This is one of those reviews that I’d normally start by talking about The State Of The World These Days, but I’m trying to wean myself off of that. For one thing, going on about the zeitgeist has become an obvious, predictable crutch in music criticism these days. It’s the equivalent of a high school valedictorian quoting Ralph Waldo Emerson or the Webster’s dictionary definition of “graduation.”

For another thing, it would be awfully condescending of me, wouldn’t it? What would be the point in telling you things you already know? It’s 2021. You all have phones, you all have Twitter, you all get notifications from Bad News Daily and the Oh Christ What Is It Now Bulletin. Modern technology has brought about an unprecedented level of connection across the globe, and while there are countless benefits to the internet it has also made it easier to paralyze yourself with numb, helpless anxiety.

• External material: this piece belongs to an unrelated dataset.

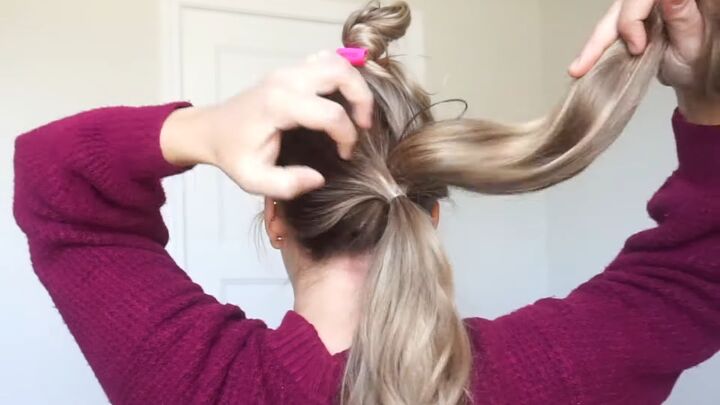 try out this awesome ponytail hack for voluminous hair, Pulling hair through hole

Cate Le Bon, the Welsh art pop songwriter who has only recently been given her dues, taps into this peculiar connection on “Running Away.” Le Bon had this to say about the song, the lead single for her upcoming album Pompeii: “The subtitle is: You will be forever connected to everything. Which, depending on the time of day, is as comforting as it is terrifying. The sense of finality has always been here. It seems strangely hopeful[…]The world is on fire but the bins must go out on a Tuesday night[…]The grief is in the saxophones.”

As that statement suggests, “Running Away” deals with this issue in a rather enigmatic, elliptical manner. Le Bon has never been the sort of artist who comes out and says exactly what she means: she sets moods and suggests narratives with her music and with well-crafted lyrical fragments. “I’m not cold by nature,” she sighs in the chorus. “This could bring me to my knees.” Sometimes, a crisis halfway across the world can knock you out of balance.

The music of “Running Away” reinforces its lyrical themes. On one level, it’s light, quirky, and almost playful-sounding. A bass riff plods and squelches in the background as Le Bon sings, and the melodies have a blocky yet singsong quality: Stereogum’s Chris DeVille compared it to some of Brian Eno’s earlier work, and it’s an apt comparison. But on another level, there’s an unspoken tension in the air. The tempo is always just slower than you’d think would be normal, and every musical element feels like a small part of a larger, disquieting narrative.

As Le Bon suggests, the grief is, indeed, in the saxophones. They swell up at climactic moments, sometimes indistinguishable from synths until you listen closer. It’s an apt metaphor for the kind of grief that’s become a part of our interconnected existence: the pain seems like your everyday malaise until it’s too late.